Dabei steckt im Thema "Wie viel Islam passt zum Staat?" wohl der größte Gesprächsbedarf. Gerade hat die Bertelsmann-Stiftung festgestellt, 51 Prozent der Deutschen empfänden den Islam als Bedrohung; fast zwei Drittel sehen in wachsender religiöser Vielfalt eine Ursache für Konflikte. Die Evangelische Kirche in Deutschland (EKD) beschränkte sich darauf, in Gestalt ihres Ratsvorsitzenden Nikolaus Schneider ein verzerrtes Bild des Islam zu beklagen, während der Zentralrat der Muslime selbst seine Mitglieder zu mehr Offenheit ermunterte. Den Dialog mit den muslimischen Verbänden führt die EKD derweil in Form eines in großen Abständen tagenden Gesprächskreises hinter verschlossenen Türen.

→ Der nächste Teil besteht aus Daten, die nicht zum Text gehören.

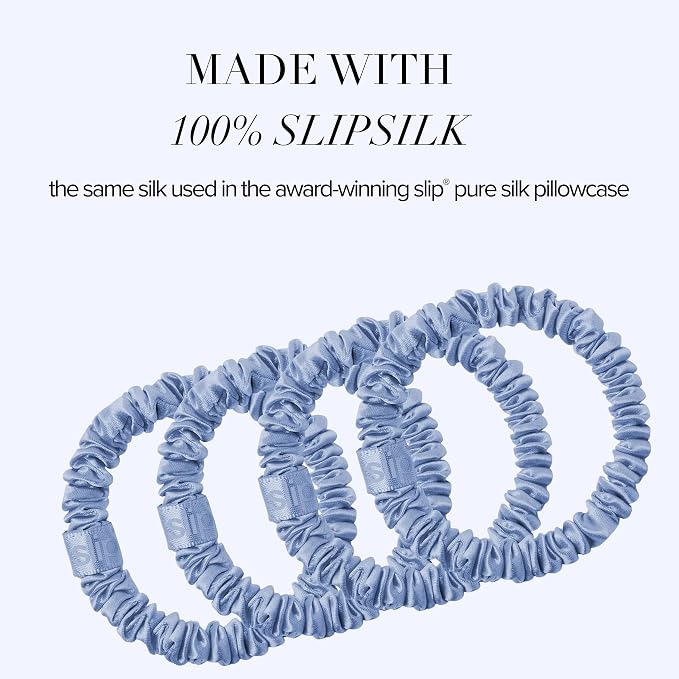 Slip Silk Hair Ties — Skinny Silk Cornflower Scrunchies, No Damage, No Crease, Anti-Breakage |100% Mulberry Silk | All Hair Types | Made with Proprietary Slipsilk™ | Set of 4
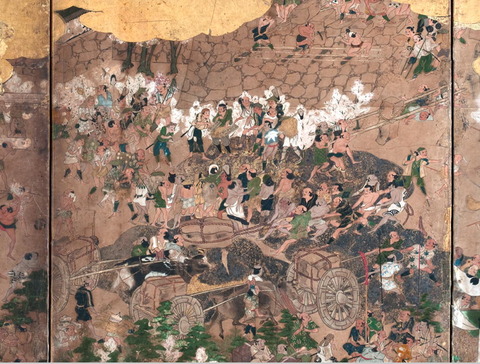 『築城図屏風』 牛車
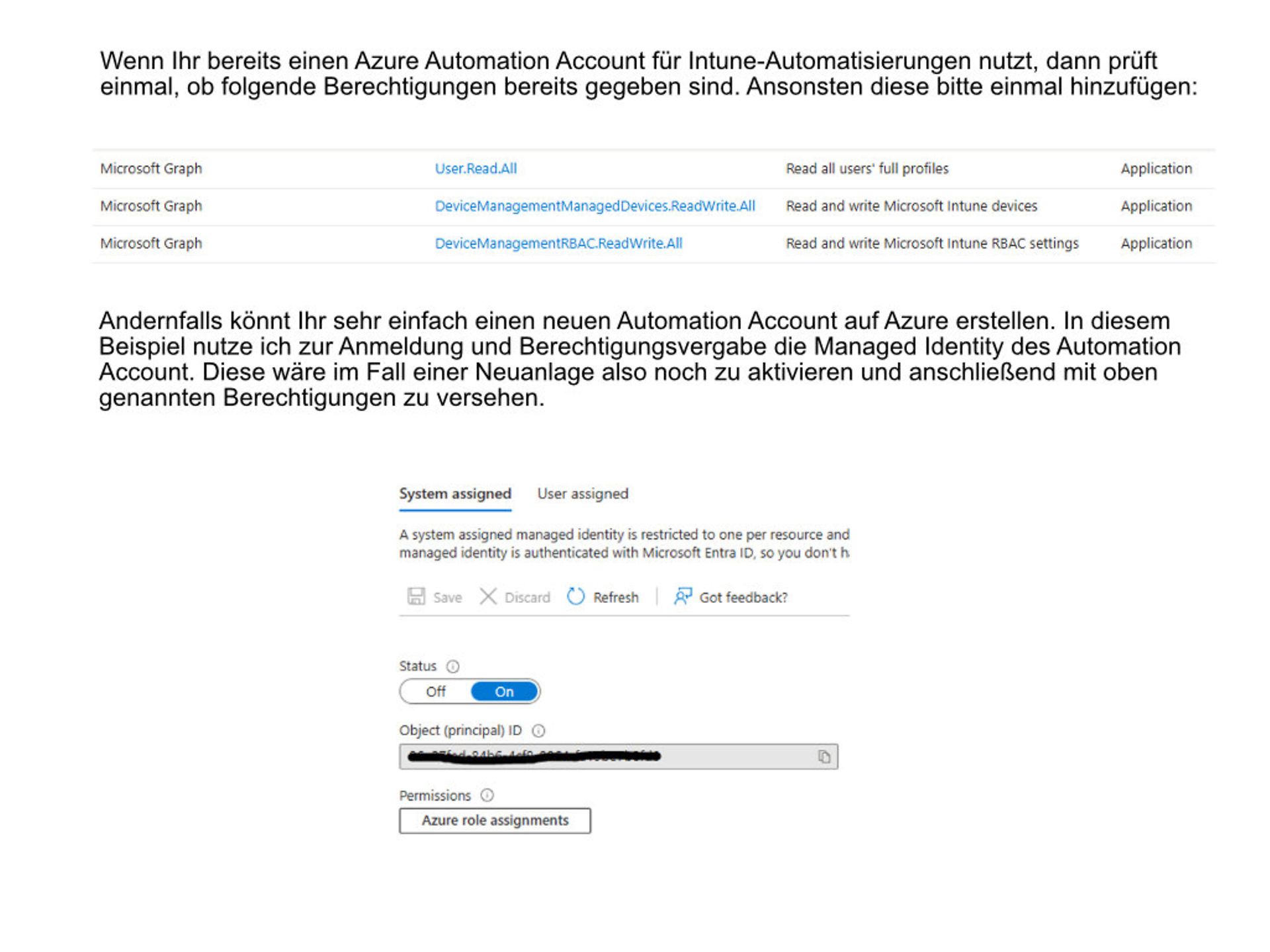 Screenshots aus dem Azure Automation Account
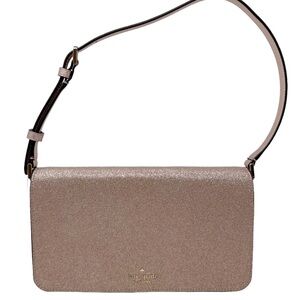 Kate Spade Smooth Glitter Tinsel Flap Shoulder Bag In Rose Gold KE595 $329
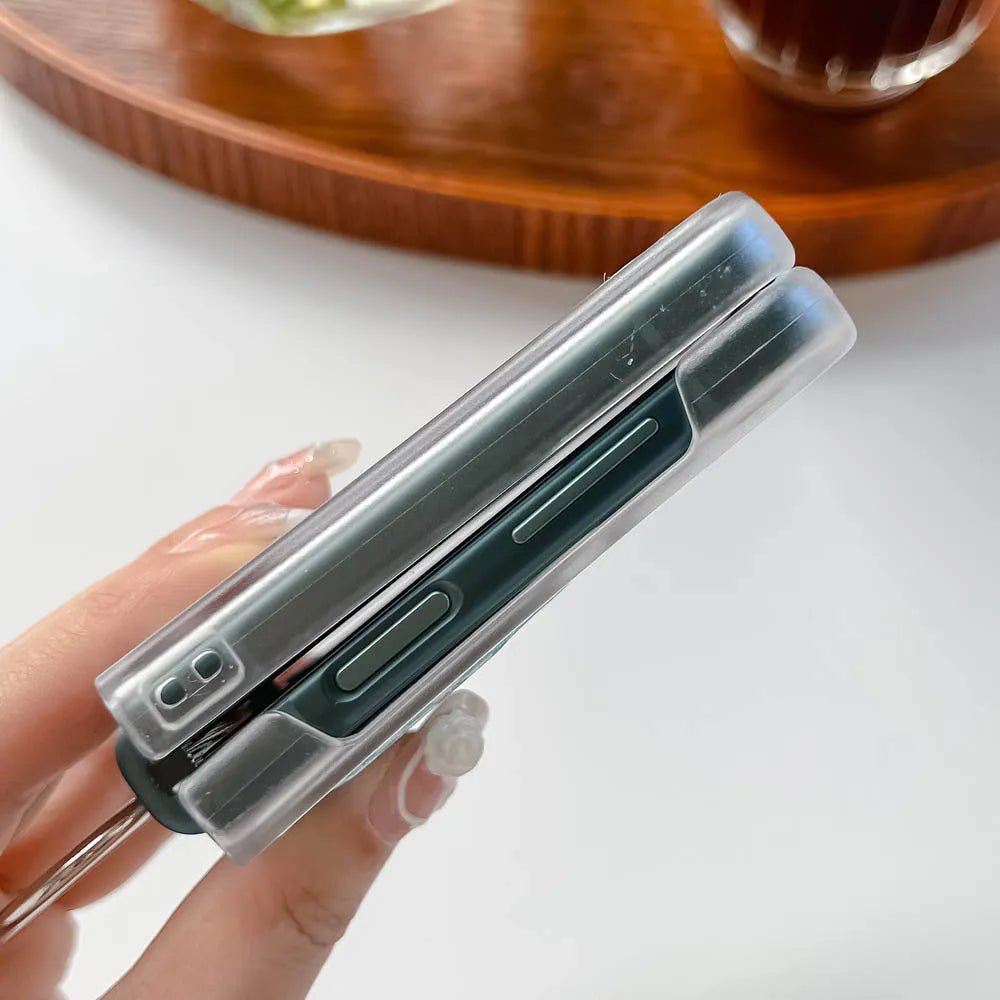 Foldable screen plaid ring phone case for Samsung Galaxy Z Flip 3 and Z Flip 4 in black with ring grip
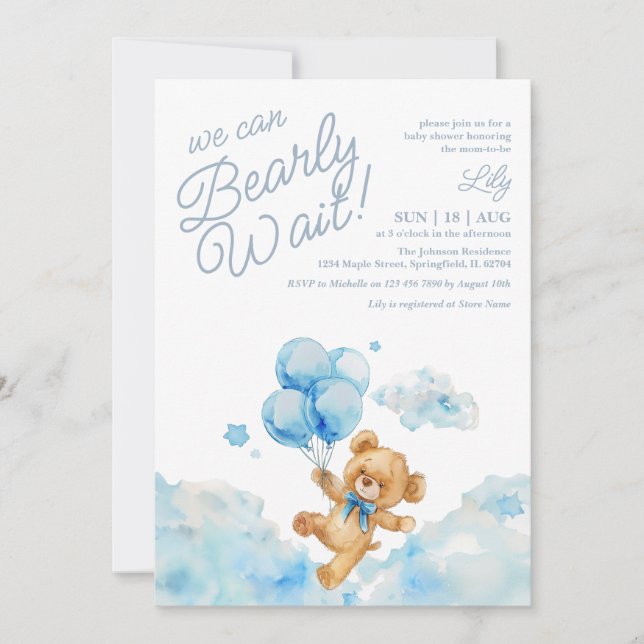 We Can Bearly Wait Teddy Bear Blue Boy Baby Shower Invitation (Front)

Dabei war man schon einmal so weit, auch auf Kirchentagen offene Worte über das gegenseitige Verständnis zu wagen, auch wenn das nicht ohne Streit und verbale Missgriffe auf beiden Seiten abging. 2007 war das, in Köln; gerade hatte die EKD eine "Handreichung" veröffentlicht, die viele Muslime als herablassend empfanden. Das Kirchentagsmotto damals? "Lebendig und kräftig und schärfer".